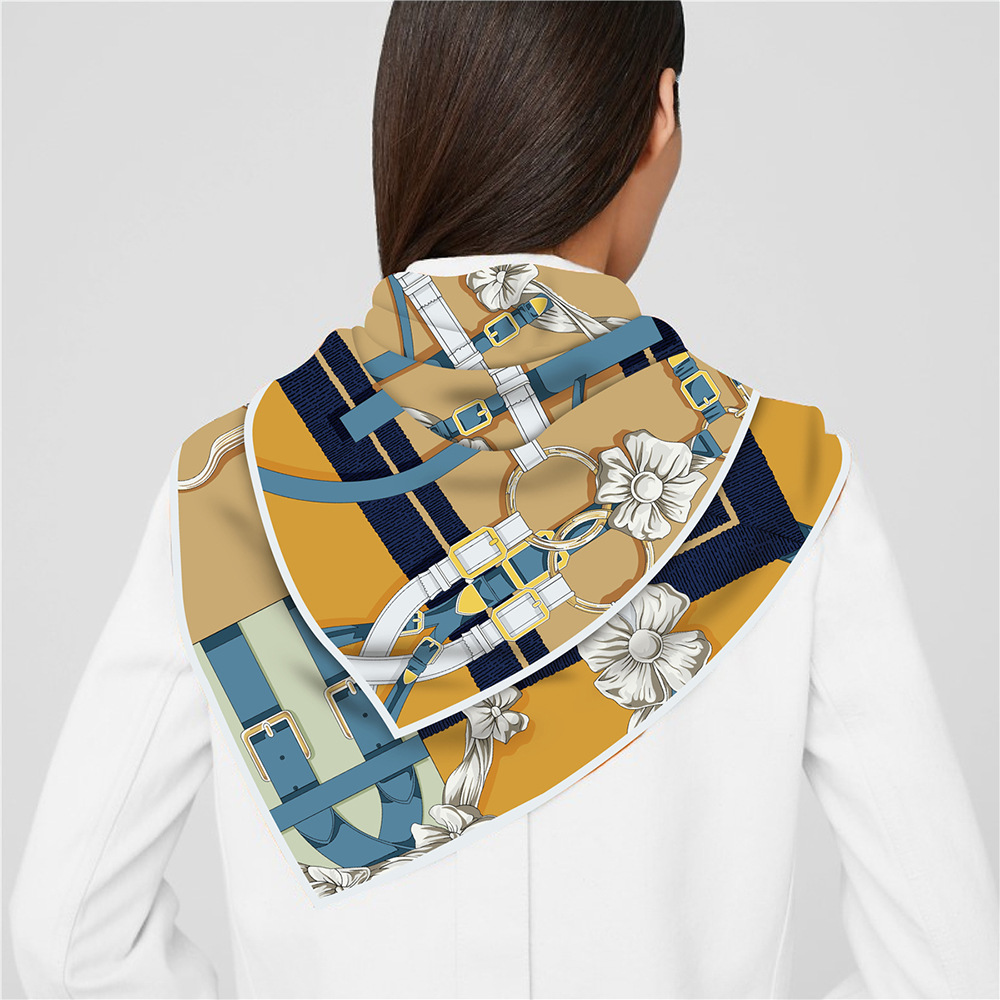 90 cm Nieuwe Ontwerp Riem Twil - Scarf Silk Square recensie en prijs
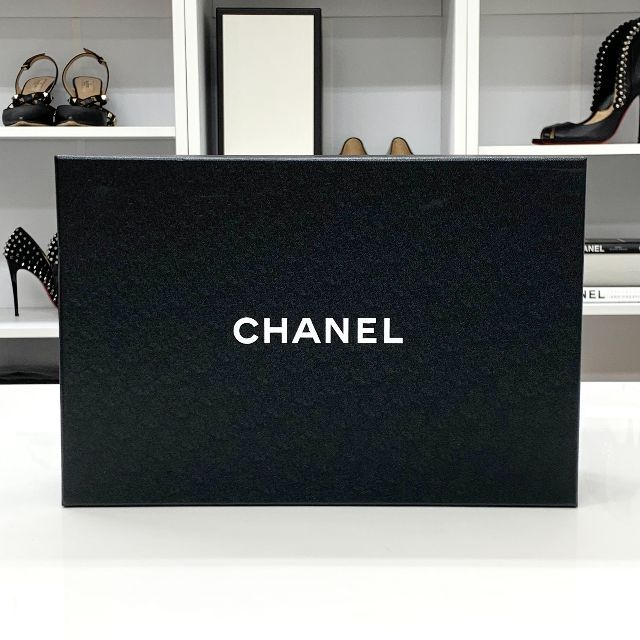 美品 CHANEL ココマーク ヒール パンプス 36 ブラウン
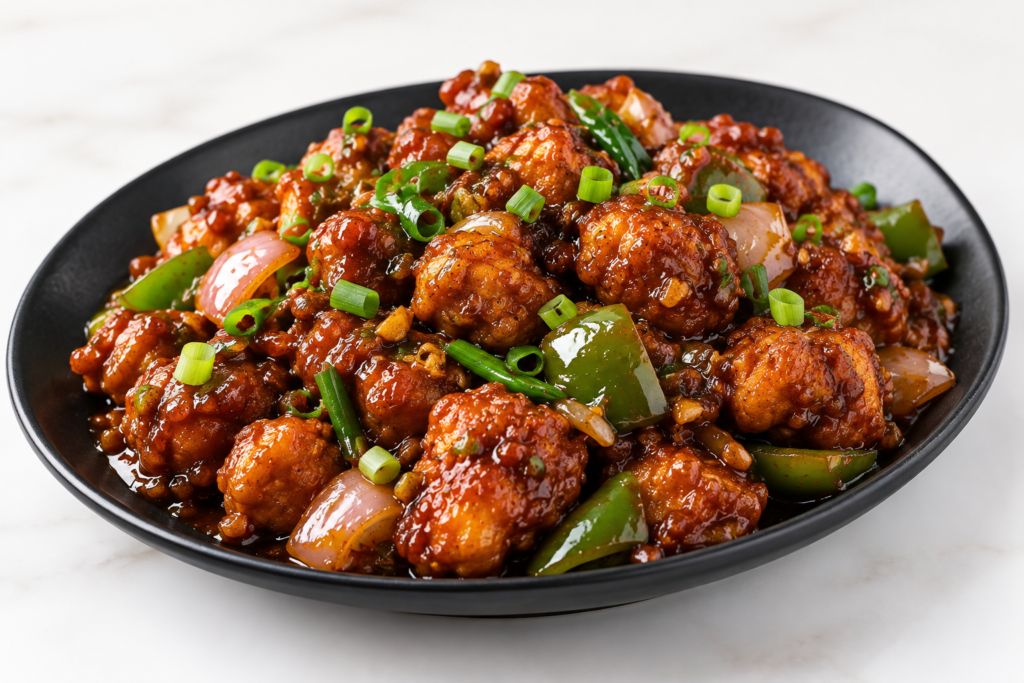 Chicken Manchurian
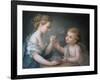 Children Blowing Bubbles-Jean-Etienne Liotard-Framed Giclee Print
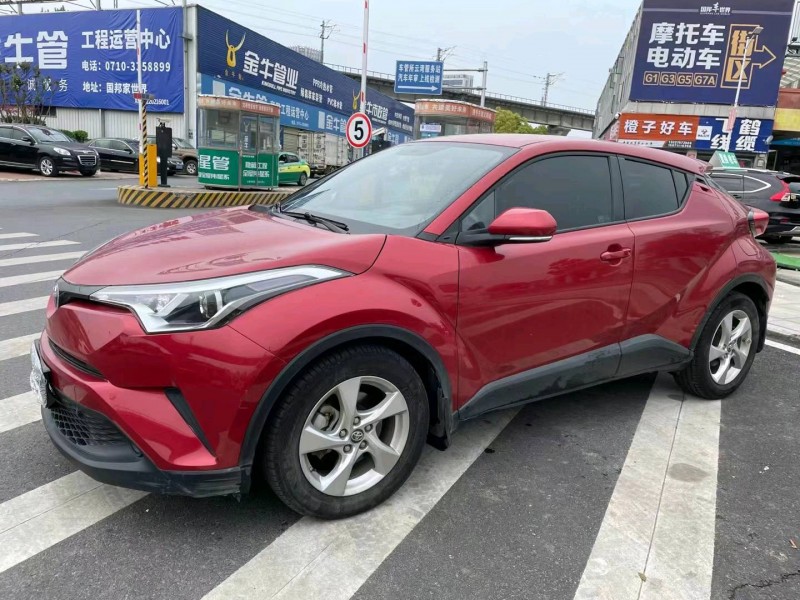 宜昌19年豐田CHR8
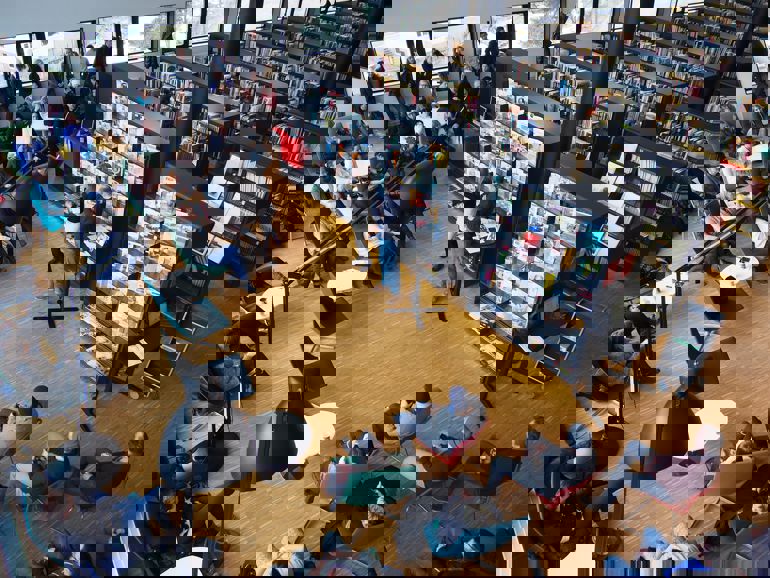 Biblioteket i Sogndal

- - - - - - -

Pictures are not part of the copy. Output only the lines from the one with "Chicken Manchurian" through the final line of the records, exactly as given.

SOLUTION FOR THIS PROBLEM:
 Chicken Manchurian
 Children Blowing Bubbles-Jean-Etienne Liotard-Framed Giclee Print
 宜昌19年豐田CHR8
 Biblioteket i Sogndal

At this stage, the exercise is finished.